The club has worked over the last 50 years to fulfill these commitments with eight yearly general meetings, five newsletters per year, and numerous field outings.  The general meetings take place on the last Monday of each month excluding June, July, August and December at the the Bobby Orr Room in the Oshawa Civic Centre starting at 7:30 pm until 9:30 pm.

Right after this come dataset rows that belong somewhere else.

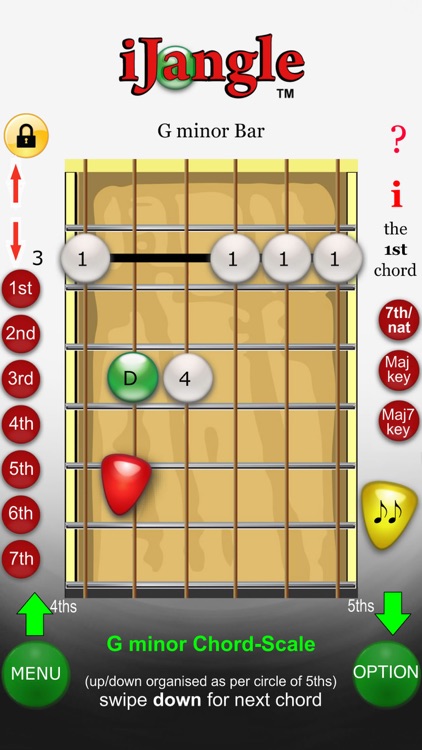 iJangle Guitar Chords Plus: Chord tools with fretboard scales and guitar tuner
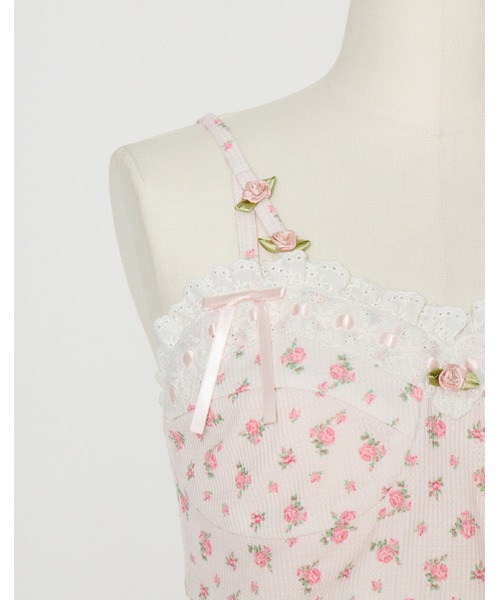 Fiorforte(フィオルフォルテ)の「petit rose bralette tops(キャミソール・レディース・マルチ/ピンク・FREE)」の15枚目の写真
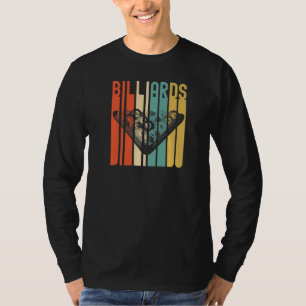 Billiards Pool Bar Sports Retro 8 Ball Stick Playe T-Shirt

At each meeting there are updates given by the executive members as to their ongoing activities including future programmes and outings, correspondence and conservation issues.  And there is a general discussion in which members and guests are invited to share concerns, ideas and observations.  A major portion of every meeting is spent with a presentation by a guest speaker with topics that cover all aspects of the natural environment from conservation to natural areas, birding, plants and animals.  


The DRFN conducts numerous outings every year encompassing many aspects of nature including some yearly outings and workshops such as the Winter Feeder Tour, the Annual Spring Weekend Outing, the Butterfly Workshop, The Niagara Gull Outing and the Christmas Bird Count.

Many current and former members of the Durham Region Field Naturalists have participated in the conservation of such local natural areas as the Second Marsh and the Thickson’s Woods Heritage Foundation and continue to sit on the supporting boards.




In 2004 DRFN joined with the local chapter of the Canadian Organic Growers (COG) and the City of Oshawa to create a butterfly garden next to the Oshawa Creek on Rossland Road west of Simcoe Street.  This endeavor is meant to provide a habitat for butterflies and a teaching tool to public.

On December 4, 2007, Otto Peter accepted a Central Lake Ontario Conservation Authority (CLOCA) Watershed Award for DRFN. We were selected for the organization’s support of the Authority’s watershed management and natural heritage projects.  Along with conducting tree plantings, hosting various natural heritage inventories and a garlic mustard removal public event, members also provided interpretive services as part of CLOCA’s Watershed Wilderness Nature Hikes.  Durham Region Field Naturalists members also take a leading role in organizing the Cranberry

Marsh and Heber Down Raptor Watch.

In 2005 DRFN won the Durham Environmental Advisory Committee’s  Irene Kock Education/Communication Award.

The DRFN is an active member of Ontario Nature being a member club within ON's Ontario North section of the Nature Network.  The club provides support both monetarily and otherwise to Ontario Nature and other conservation groups such as the Thickson’s Woods Heritage Foundation,  etc.


An eight to twelve page newsletter is published five times a year and provides schedules of upcoming meetings and outings.  It also contains local and provincial conservation issues, rare bird sightings, write-ups of past outings, recent bird observations, articles of interests to naturalists covering birds, plants, animals and ecosystems and articles of environmental importance such as energy conservation, recycling and organic foods and products. Club members write most of these articles.    

The Durham Region Field Naturalist is a not-for profit organization and is a registered charity. Yearly membership fees and donations finance it.  


In 1986 The DRFN published a booklet entitled “ Natural Areas of Durham Region” that was made available to the public.